Note that Setzer’s Bassman is the later circuit which has the piggyback configuration with the head and separate Fender closed-back cabinet. A closed back cabinet will have a fuller frequency response of tone that you will hear and the definition is better on the low end frequencies vs the early tweed Bassman open-back. The tradeoff is that an open-back will have “wider” spread of sound as it disperses in many directions. The phase cancellations that occur from that spread of sound is a negative though… I generally prefer closed back systems as the speakers also don’t tend to “flub” out on the lows as often as they would in a typical open-back combo. The fact that a closed back sealed enclosure provides some pressure against the cone as it moves air in the cabinet is helpful as well. Good luck!!
I think this is a very fair review. I find in my gigging environment that I don’t get it much above 4 to be honest. And I think that is the sweet spot. I use pedals for my overdrive and the amp is fantastic for that. I’ve only cranked it once in the past but a nice well rounded clean amp is what I use it for and then use a Truetone Double Trouble (808 type circuit) and a Lovepedal Kalamazoo with a Sheraton and A Telecaster.

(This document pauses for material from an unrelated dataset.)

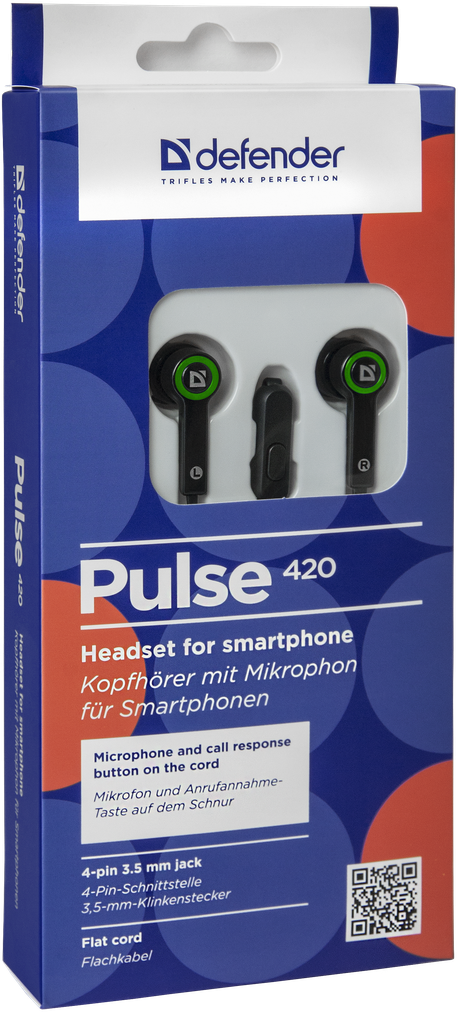 63422 гарнитура для смартфонов pulse 420 черный + зеленый, вставки Defender Santreyd  - Вид №5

I bought a ‘59 Bassman LTD (Blondeman Limited Edition) in
August 2015, and think it is the best amp I have ever played through. Forget
trying to crank it to get overdrive, though it is quite capable in that role.
The key to unlocking the best of this amplifier is cranking the midrange to 10 or more and using the normal channel , at a volume right around 3. I
thought the same as the author and others on this site for a couple of months
regarding a trebly, brittle sound. However, the tone stack is deceiving. Even
with the midrange cranked and the other tone controls around halfway, it is
still even in terms of frequencies. Use a Marshall Guv’nor Plus (no longer
made) for overdrive, you get the magic Fender cleans with growling, punchy,
tight Marshall overdrive from the pedal. In this configuration, it narrowly
beats my 1994 USA-made Blues DeVille, and makes other amps sound cheap. Try
this combination and watch people with Mesas, Marshalls, Blackstars and other
Fenders turn green with envy.
Thanks for the comments and feedback. Indeed, Fenders are fantastic with pedals (for example, we loved the pre-CBS ’64 Super Reverb run clean with just about any distortion in front of it). The ’59 Bassman LTD’s weakest link are its speakers. It’s been a long time since that review, but the magic of the original Bassman is in its ability to overdrive on its own and just be given a little push to get a growling fat overdriven tone. The LTD just isn’t setup to do what the originals can and again, I put most of the blame on the speakers (other details like the components, etc. are just relatively minor details). Bottom line is you’ve found an amp that works for you and that’s what counts!